En images, quelques créations de Jérôme Dreyfuss :

Aujourd’hui, tout le monde prône un retour à la nature, mais vous, ça fait vingt ans que vous passez tous vos week-ends dans des lieux reculés...

J’ai la chance d’avoir une femme qui partage mon goût pour la discrétion. Si on avait eu envie d’être des stars du rock, on aurait fait du rock. Je déteste l’ambiance des bars. Je ne picole pas. Alors, je m’y ennuie très vite. Je préfère cueillir des fleurs ou grimper aux arbres. Ce qui me plaît vraiment, c’est de passer le plus de temps possible avec ma tribu et d’instaurer de vrais échanges. Le brouhaha ne m’intéresse pas. Cette “peopolisation” de la société m’apparaît comme un énorme mensonge. On se croirait dans le Truman Show. Je trouve cette surmédiatisation vraiment déplacée. Si, au moins, ces gens se servaient de leur notoriété pour défendre des idées écologiques, mais même pas...

Vous n’avez pas besoin de reconnaissance. Même pas un petit peu ?
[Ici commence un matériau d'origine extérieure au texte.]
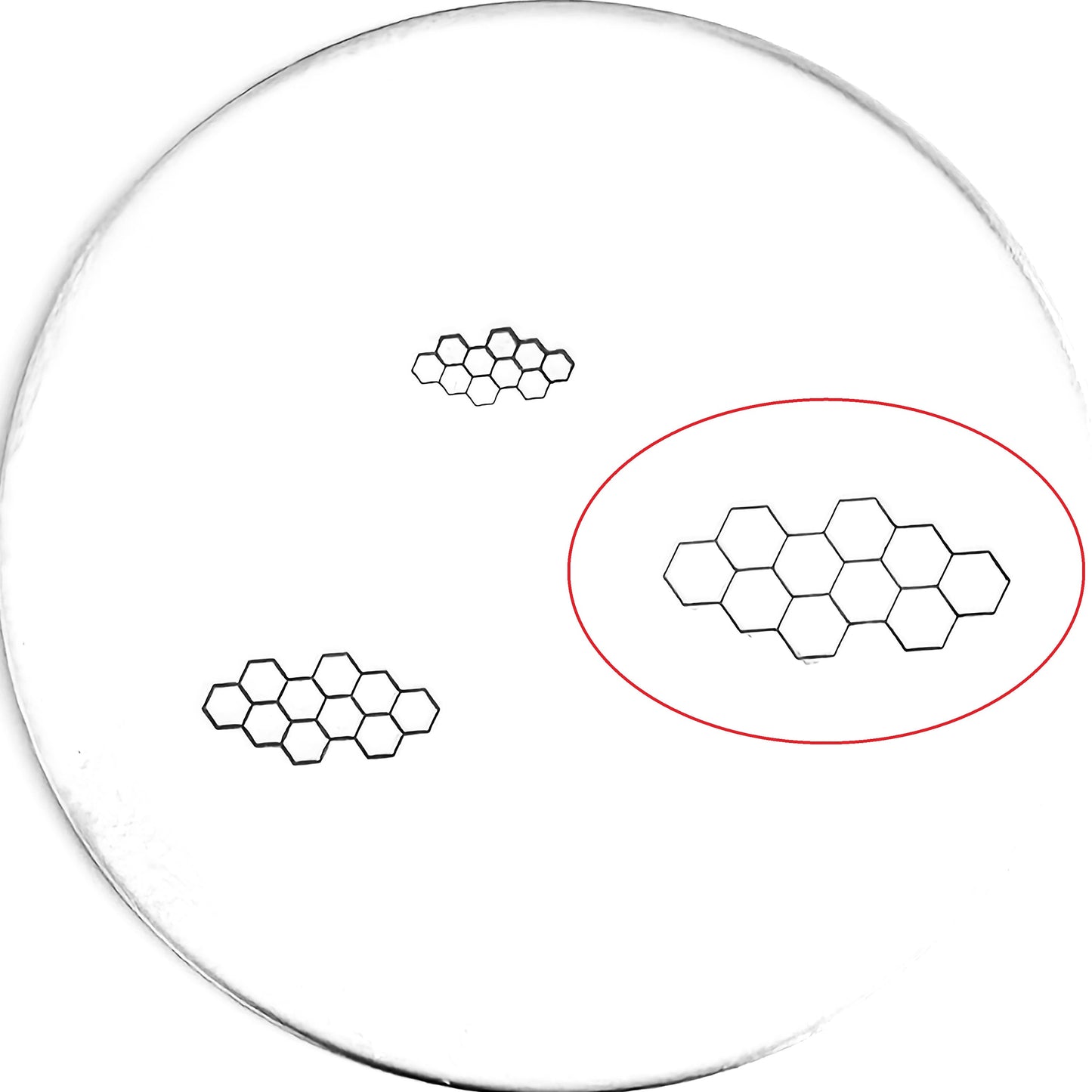 Honeycomb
Tout le monde en a besoin. C’est humain. La mode est un milieu de prédateurs, mais j’ai eu la grande chance d’avoir comme parrains de vrais artisans. Comme Monsieur Lesage (le grand brodeur parisien aujourd’hui disparu, mais dont la maison a été sauvée par Chanel, NDLR.) dont l’atelier se situait juste à côté du mien. Tous les soirs, il venait frapper à la fenêtre. On pouvait parler des heures. C’est lui qui m’a présenté d’autres artisans comme le chausseur Massaro et les ateliers Lognon (spécialistes du plissé, NDLR). Aujourd’hui, quand je passe du temps dans nos ateliers, j’ai honte. Honte qu’on ne parle jamais dans la presse du travail de précision réalisé par ces couturières. Pour nos nouveaux modèles, j’ai essayé d’inclure plus de piqûres, plus de broderies. J’ai voulu célébrer le geste de ces artisans. Mon métier consiste à tenter d’être à la hauteur... sans prétendre y parvenir. Quand je me compare à mes amis architectes ou à Monsieur Lesage, je me dis que je n’arriverai jamais à la cheville de ces mecs-là.

Sauf que vous avez convaincu des millions de femmes de vivre avec un petit bout de vous à leur bras ?
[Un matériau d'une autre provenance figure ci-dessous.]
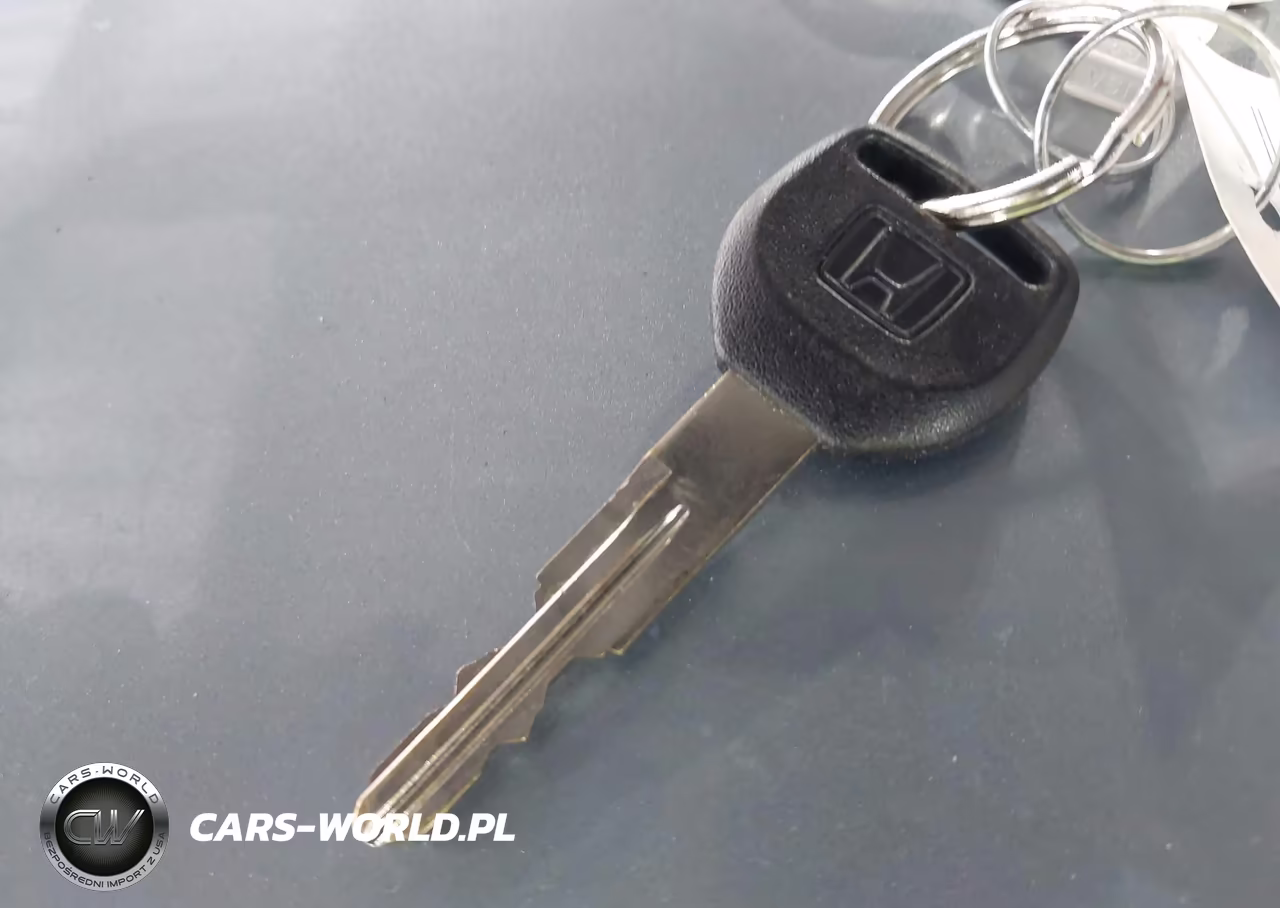 1995 Honda Accord Ex VIN:1HGCE6662SA018141 - 11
J’habite à Belleville. Tous les matins, je vais à pied au bureau. En chemin, je croise entre cinq et dix femmes qui portent mes sacs. Je dis “femmes” volontairement. Quand l’un de mes copains m’explique qu’il veut offrir un Billy à sa fille de 16 ans, j’hallucine... Une fille de 16 ans, ça porte un sac à dos en toile non ? Si elle possède déjà un accessoire de luxe avant ses 20 ans, elle rêvera de quoi, plus tard ? Ce qui m’amuse le plus, c’est de voir mes sacs sur mes copines, directrice de l’opéra de Paris ou star du rock, ou sur la nounou de mon fils. Mais ne me demandez pas le modèle que je préfère. Ce serait comme m’obliger à choisir l’un de mes enfants. Chacun me rappelle une odeur, une musique, une émotion : que des moments de bonheur passé. Je n’en regrette aucun. Ce n’est que lorsqu’on a vécu un grand drame - comme la perte d’un ami proche, par exemple - qu’on réalise la chance qu’on a d’être toujours là et de l’inutilité de se pourrir la vie en s’engueulant avec sa copine avant de partir bosser le matin. Moi, ça fait des années que j’ai arrêté de faire des conneries comme ça.
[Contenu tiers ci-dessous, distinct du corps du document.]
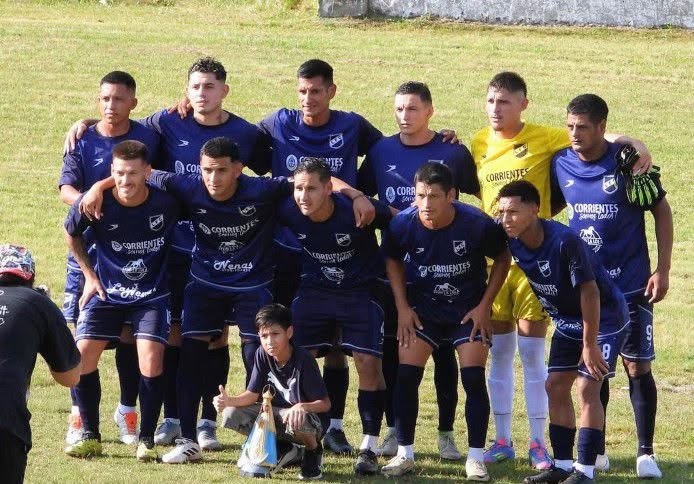 Lipton y Huracán de Goya, en un mano a mano para ver quién accede a semifinales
Hormis votre famille, vos amis, quel est le secret de votre incroyable bonheur ?

Mon ennui d’enfant m’a rendu créatif. Aujourd’hui, je carbure aux nouveaux projets. J’apprends des langues. À 40 ans, les verbes irréguliers en espagnol, c’est franchement compliqué. Et puis, je planche avec mes amis architectes sur de nouveaux concepts d’écoconstruction pour mes boutiques. Les évolutions des techniques permettent, entre autres, d’arrêter d’utiliser du ciment. Si on ne stoppe pas immédiatement d’utiliser massivement ce matériau, le détroit du Mékong aura disparu d’ici trente ans. Dans notre quête d’un monde plus durable, c’est l’architecture qui nous indiquera le chemin à suivre.